Many of the PDFs did not follow consistent formatting, so for high-priority standards, Adastra developed additional custom scripts.
Building an Intelligent Search System on Azure
After completing the structured data input, Adastra worked on training an intelligent search model, deployed on Azure Machine Learning. State-of-the-art language models were leveraged to provide the most accurate search results. Adastra surfaced the intelligent search service through a chatbot using Azure’s chatbot framework.
The solution allows users to enter a query with information about what they are searching for, and the intelligent search model will use this as input and produce a ranked list of clauses that are most relevant to the user’s search query across all available standards.
Adastra also integrated the intelligent search system with Azure QnA Maker to program it to intelligently answer direct user questions. A list of commonly asked questions (e.g., the client’s address and phone number) was prepopulated in Azure QnA Maker so that when users enter a query, the chatbot will first check this knowledge base and provide users with an actual answer to their question, rather than just pointing them to the paragraph that contains the relevant information. If the system can’t find the appropriate answer in Azure QnA Maker, then it calls on the custom intelligent search backend to provide a response based on internal standards data.
Creating a Template Generator with Python
Next, Adastra built out a backend solution using Python that takes input from users at the frontend to prepopulate templates for creating new standards.
Users can select sections of PDFs that they want to keep for new standards and the backend system will prepopulate a new Word document based on their selected sections to create a starting point for the client. The Word document can then be downloaded through the interface.

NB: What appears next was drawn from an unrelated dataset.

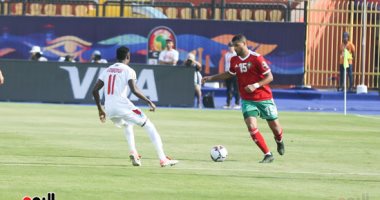 شاهد أخطر فرصة ضائعة من منتخب المغرب ضد ناميبيا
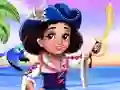 لعبة Pirate Princess Treasure Adventure على الانترنت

Adastra also set up feedback logging for the client for future iterations of retraining the system.
- Ease of information retrieval
- Consolidated research from multiple disparate systems
- Streamlined process for creating new documents
- Reduced time and effort with automated processes
Adastra’s customized solution addressed all of the client’s pain points and saved them significant time and effort.
By structuring and ingesting their PDF documents and building an intelligent search system on Azure, the client is now able to search for and easily pull up the desired information from their historical standard PDF documents. They now have quick access to information they were previously looking for manually – saving them time and effort in retrieving information from large, previously unstructured data sources.
Adastra created a single common interface, consolidating research findings from multiple disparate data sources. The client can now quickly pull up research from both external and internal sources in one place and have frequently asked questions answered directly, saving them time and eliminating duplicate research efforts.
The Python solution, in combination with Azure accelerators, allows the client to streamline the creation of new documents through prepopulated templates, saving them time and manual effort.